Two projects aimed at improving understanding of the placebo effect in clinical trials for Parkinson’s disease have been allocated funding by the US-based Michael J Fox Foundation (MJFF) for Parkinson’s Research.

The placebo effect has increasingly complicated the interpretation of outcomes in Parkinson’s disease (PD) trials, raising “a significant hurdle to the development of new treatments”, notes the Foundation, which held a placebo response workshop in March 2009. As the effect involves the dopamine system, which degenerates in PD, it may have more of an impact in clinical trials for Parkinson’s than for other diseases, the MJFF suggests.

As part of a clinical trial in dyskinesia announced by the Foundation last December, a pilot study will seek initially to validate surveys that can predict how the placebo response is affected from person to person by disease- and treatment-related variables, as well as by the individual characteristics of patients and investigators involved in clinical research.

The pilot will assess the potential usefulness of the placebo surveys in future clinical trials and provide ancillary information on the susceptibility of various dyskinesia rating scales to placebo effects.

Surveys run with patients and investigators at the outset of the study will gather data on personal traits including optimism, social conformity and expectations of outcome. When the study is completed, the survey results will be tracked with study outcomes to determine the impact of optimism and expectation of a positive outcome on the effectiveness of the rating scales.

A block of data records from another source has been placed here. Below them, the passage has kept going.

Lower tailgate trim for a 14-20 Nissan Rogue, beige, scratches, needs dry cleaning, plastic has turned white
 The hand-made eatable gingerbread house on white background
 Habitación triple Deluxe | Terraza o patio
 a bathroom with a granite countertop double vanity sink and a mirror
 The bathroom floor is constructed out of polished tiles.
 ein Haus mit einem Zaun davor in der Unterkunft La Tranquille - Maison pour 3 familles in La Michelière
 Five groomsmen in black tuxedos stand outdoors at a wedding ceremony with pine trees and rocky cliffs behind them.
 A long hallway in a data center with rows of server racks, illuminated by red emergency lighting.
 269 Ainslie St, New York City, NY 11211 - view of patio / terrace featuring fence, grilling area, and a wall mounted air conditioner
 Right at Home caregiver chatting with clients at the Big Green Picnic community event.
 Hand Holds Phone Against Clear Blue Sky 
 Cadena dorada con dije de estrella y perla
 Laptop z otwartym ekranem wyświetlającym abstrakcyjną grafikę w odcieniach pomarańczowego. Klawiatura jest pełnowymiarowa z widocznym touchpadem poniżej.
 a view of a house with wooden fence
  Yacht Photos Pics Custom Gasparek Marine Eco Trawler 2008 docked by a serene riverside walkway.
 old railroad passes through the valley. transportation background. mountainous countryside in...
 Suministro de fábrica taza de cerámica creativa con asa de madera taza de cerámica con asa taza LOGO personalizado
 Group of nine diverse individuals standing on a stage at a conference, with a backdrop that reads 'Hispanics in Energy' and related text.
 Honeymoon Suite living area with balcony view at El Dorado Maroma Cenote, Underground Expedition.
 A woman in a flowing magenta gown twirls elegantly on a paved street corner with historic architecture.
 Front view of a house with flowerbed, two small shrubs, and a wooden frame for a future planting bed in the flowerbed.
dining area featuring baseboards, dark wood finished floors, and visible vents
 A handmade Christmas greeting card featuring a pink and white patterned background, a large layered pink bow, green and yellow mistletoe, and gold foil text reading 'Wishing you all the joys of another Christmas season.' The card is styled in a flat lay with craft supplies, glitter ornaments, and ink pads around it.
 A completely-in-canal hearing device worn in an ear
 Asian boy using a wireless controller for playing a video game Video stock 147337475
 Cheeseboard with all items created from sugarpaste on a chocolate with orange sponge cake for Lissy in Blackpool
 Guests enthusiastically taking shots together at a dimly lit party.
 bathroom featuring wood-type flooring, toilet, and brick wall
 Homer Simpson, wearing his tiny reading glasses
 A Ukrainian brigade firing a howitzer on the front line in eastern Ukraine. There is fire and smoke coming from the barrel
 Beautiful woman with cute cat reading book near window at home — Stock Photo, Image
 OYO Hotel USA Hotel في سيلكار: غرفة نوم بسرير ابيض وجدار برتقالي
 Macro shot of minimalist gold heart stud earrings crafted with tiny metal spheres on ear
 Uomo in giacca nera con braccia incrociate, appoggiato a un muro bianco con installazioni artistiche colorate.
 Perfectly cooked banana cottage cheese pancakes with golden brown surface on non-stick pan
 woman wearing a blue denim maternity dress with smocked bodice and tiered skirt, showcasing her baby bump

The pilot study will be conducted by researchers Dr Mark Stacy at Duke University and Dr Glenn Stebbins at Rush University Medical Center.

In the second project, a Columbia University team led by Drs Tor Wager and Daphna Shohamy will use functional magnetic resonance imaging (MRI) to examine brain activity in Parkinson’s patients as they execute specific motor and learning tasks, comparing how the activity changes when patients are given levodopa, the gold-standard drug treatment for Parkinson’s, or placebo.

Previous imaging studies have demonstrated that placebo treatments can increase dopamine levels in patients’ brains, the Fox Foundation points out. However, it adds, there is little experimental evidence to suggest the effect is tied to functional improvement on the Unified Parkinson’s Disease Rating Scale (UPDRS), the tool used by clinicians to measure effects of experimental treatments.

Drs. Wager and Sohamy will assess the potential of functional MRI to provide that evidence, with the wider goal of establishing more fully biological markers of placebo effects in Parkinson’s and determining whether these effects lead to measurable functional improvement in PD patients.